**PROVIDED RECORDS:**
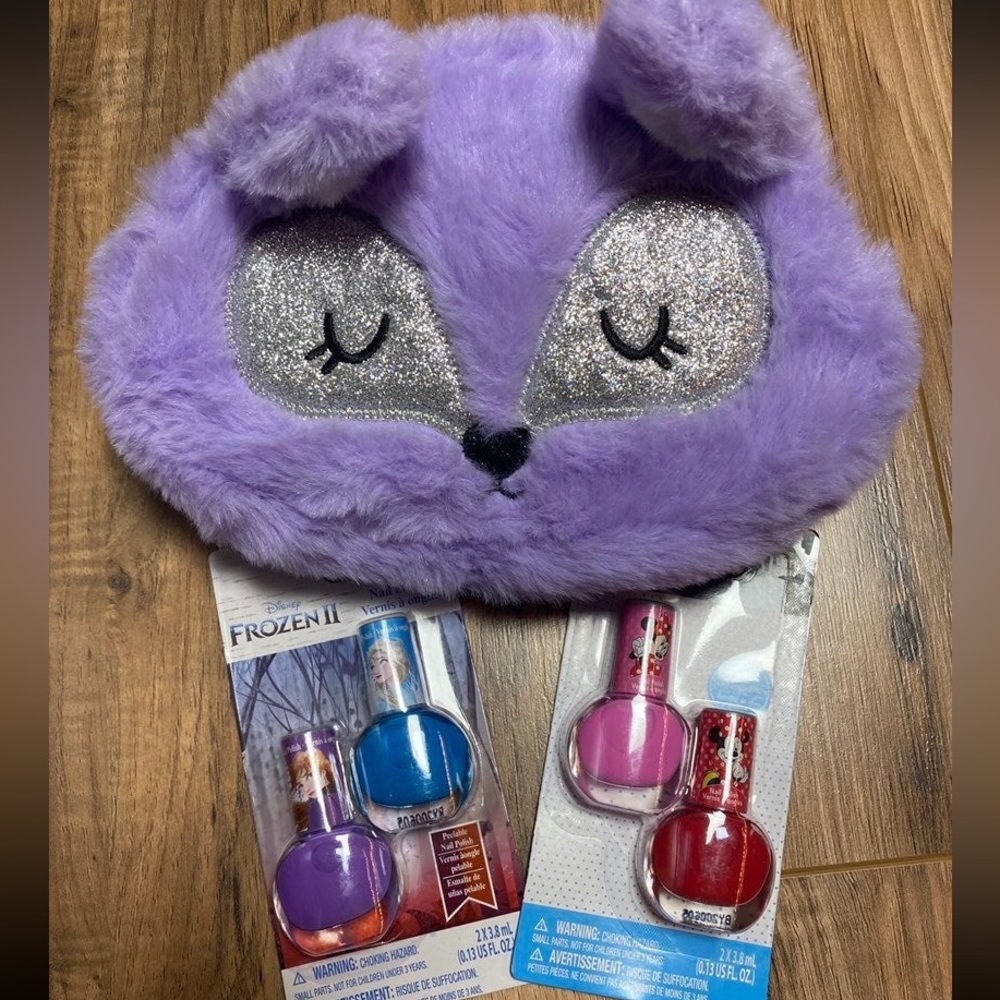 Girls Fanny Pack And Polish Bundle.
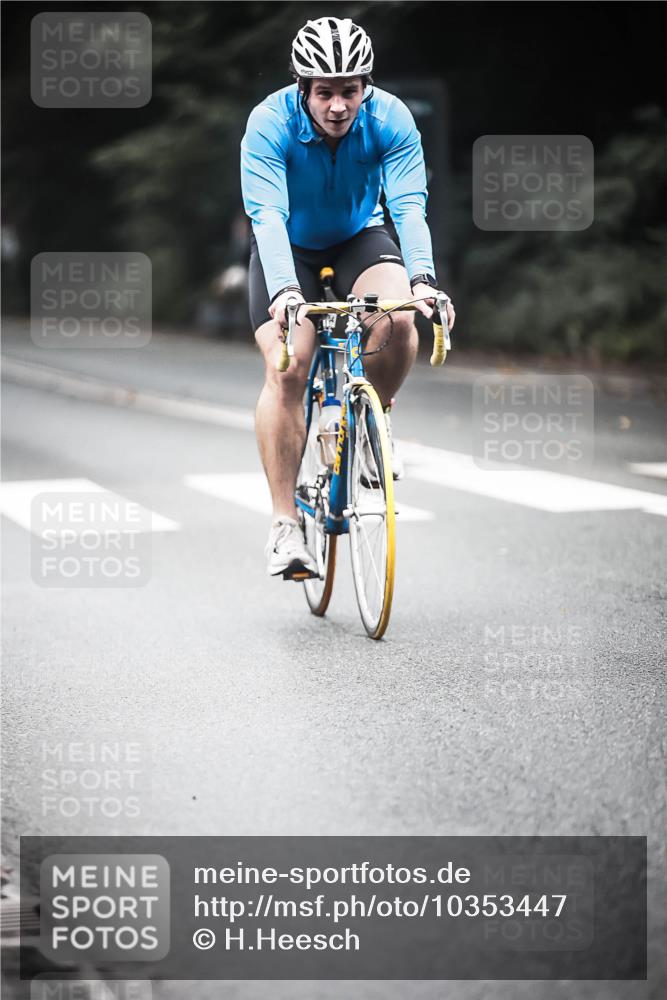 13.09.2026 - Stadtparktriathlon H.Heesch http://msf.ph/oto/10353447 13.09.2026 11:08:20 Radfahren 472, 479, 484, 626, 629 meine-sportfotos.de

---

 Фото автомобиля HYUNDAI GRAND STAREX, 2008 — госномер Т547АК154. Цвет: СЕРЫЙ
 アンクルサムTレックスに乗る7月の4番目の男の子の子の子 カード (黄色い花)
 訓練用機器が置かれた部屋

**EXERCISE GOAL:**
Repeat exactly the lines of the listing above, from the one with "Фото автомобиля HYUNDAI" down to the one with "訓練用機器が置かれた部屋"; both of those lines belong in the range.

**EXERCISE SOLUTION:**
 Фото автомобиля HYUNDAI GRAND STAREX, 2008 — госномер Т547АК154. Цвет: СЕРЫЙ
 アンクルサムTレックスに乗る7月の4番目の男の子の子の子 カード (黄色い花)
 訓練用機器が置かれた部屋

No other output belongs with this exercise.